Happily, Solr also plays nicely with Drupal. So my colleagues want to connect their Drupal application to the installed Solr server (see my last blog entry). Drupal provide two modules for Solr server integration. The modules links external Solr server with the Drupal application, passing data into Solr to index, and then enabling Drupal to serve up the search results. As of the writing of this how-to two modules have an advantage and a disadvantage. The first is Search API Solr search with the advantage you can use the Solr Index straight in views. The disadvantage is you can not index files remotely on the Solr server https://drupal.org/node/1289222. The second module is Apache Solr search integration with the advantage you can index file attachments remotely on the Solr server. The disadvantage is you can not use the search index for views.
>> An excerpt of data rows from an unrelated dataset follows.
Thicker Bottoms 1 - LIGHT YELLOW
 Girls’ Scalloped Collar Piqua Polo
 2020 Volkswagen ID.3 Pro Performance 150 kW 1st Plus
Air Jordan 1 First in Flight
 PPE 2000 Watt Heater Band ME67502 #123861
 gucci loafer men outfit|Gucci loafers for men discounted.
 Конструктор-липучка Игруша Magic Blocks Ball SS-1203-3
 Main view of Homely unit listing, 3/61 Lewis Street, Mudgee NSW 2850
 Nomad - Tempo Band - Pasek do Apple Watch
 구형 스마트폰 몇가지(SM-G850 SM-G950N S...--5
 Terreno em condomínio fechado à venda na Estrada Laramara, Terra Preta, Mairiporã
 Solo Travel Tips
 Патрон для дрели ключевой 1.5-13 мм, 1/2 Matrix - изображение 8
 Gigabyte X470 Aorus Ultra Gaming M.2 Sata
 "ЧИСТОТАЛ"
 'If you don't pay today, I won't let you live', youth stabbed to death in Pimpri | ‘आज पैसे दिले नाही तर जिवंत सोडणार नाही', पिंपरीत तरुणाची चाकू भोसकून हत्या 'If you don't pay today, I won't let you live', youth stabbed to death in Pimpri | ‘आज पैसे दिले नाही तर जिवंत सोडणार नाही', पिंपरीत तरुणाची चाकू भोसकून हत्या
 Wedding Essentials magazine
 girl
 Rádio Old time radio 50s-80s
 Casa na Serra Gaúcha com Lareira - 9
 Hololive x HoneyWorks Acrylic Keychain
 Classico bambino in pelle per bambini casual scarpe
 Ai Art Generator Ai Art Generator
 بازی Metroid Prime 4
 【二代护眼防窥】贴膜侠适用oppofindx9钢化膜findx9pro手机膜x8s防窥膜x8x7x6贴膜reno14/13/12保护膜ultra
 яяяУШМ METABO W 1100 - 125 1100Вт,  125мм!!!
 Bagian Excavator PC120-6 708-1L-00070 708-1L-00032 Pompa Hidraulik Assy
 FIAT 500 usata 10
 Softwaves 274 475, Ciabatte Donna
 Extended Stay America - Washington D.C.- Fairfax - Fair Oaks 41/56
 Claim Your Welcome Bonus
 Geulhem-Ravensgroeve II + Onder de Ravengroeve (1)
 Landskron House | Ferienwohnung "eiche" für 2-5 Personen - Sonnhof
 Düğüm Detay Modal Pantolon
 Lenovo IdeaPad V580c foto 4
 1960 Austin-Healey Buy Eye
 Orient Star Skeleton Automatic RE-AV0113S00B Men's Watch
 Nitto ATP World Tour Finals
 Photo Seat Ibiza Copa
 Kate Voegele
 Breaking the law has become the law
Okay however which module we choose, the installation of the configuration files are the same.

1
2
wget http://ftp.drupal.org/files/projects/apachesolr-7.x-1.3.tar.gz
tar -zxvf apachesolr-7.x-1.3.tar.gz

Next I have to copy the module configuration files from /solr-conf/solr-4.x/* to /opt/apache-solr-4.3.1/my-app/solr/collection1/conf/. So I restart the Solr server to check if there any log messages appears. In my case, currently the solrconfig.xml do not know the “collection1” directory, so the relative path of the “../../contrib” directory is wrong and must be set one level up to “../../../contrib” in the solrconfig.xml.

Next my colleagues install the module in Drupal and setting up the Solr server URL: http://X.X.X.X:8983/solr/collection1

Apache Solr Attachments

The Apache Solr attachments module lets you extract documents using Solr server. For that I need to configure Solr accordingly and edit the solrconfig.xml to have these lines:

<lib dir="../../../contrib/extraction/lib" />
<lib dir="../../../dist/" regex="solr-cell-\d.*\.jar" />
 
<!-- An extract-only path for accessing the tika utility -->
<requestHandler name="/extract/tika" class="org.apache.solr.handler.extraction.ExtractingRequestHandler" startup="lazy">
  <lst name="defaults">
  </lst>
  <!-- This path only extracts - never updates -->
  <lst name="invariants">
    <bool name="extractOnly">true</bool>
  </lst>
</requestHandler>

https://drupal.org/node/1205190
Note: For locally extracting documents I need the Apache Tika app on the Drupal webserver.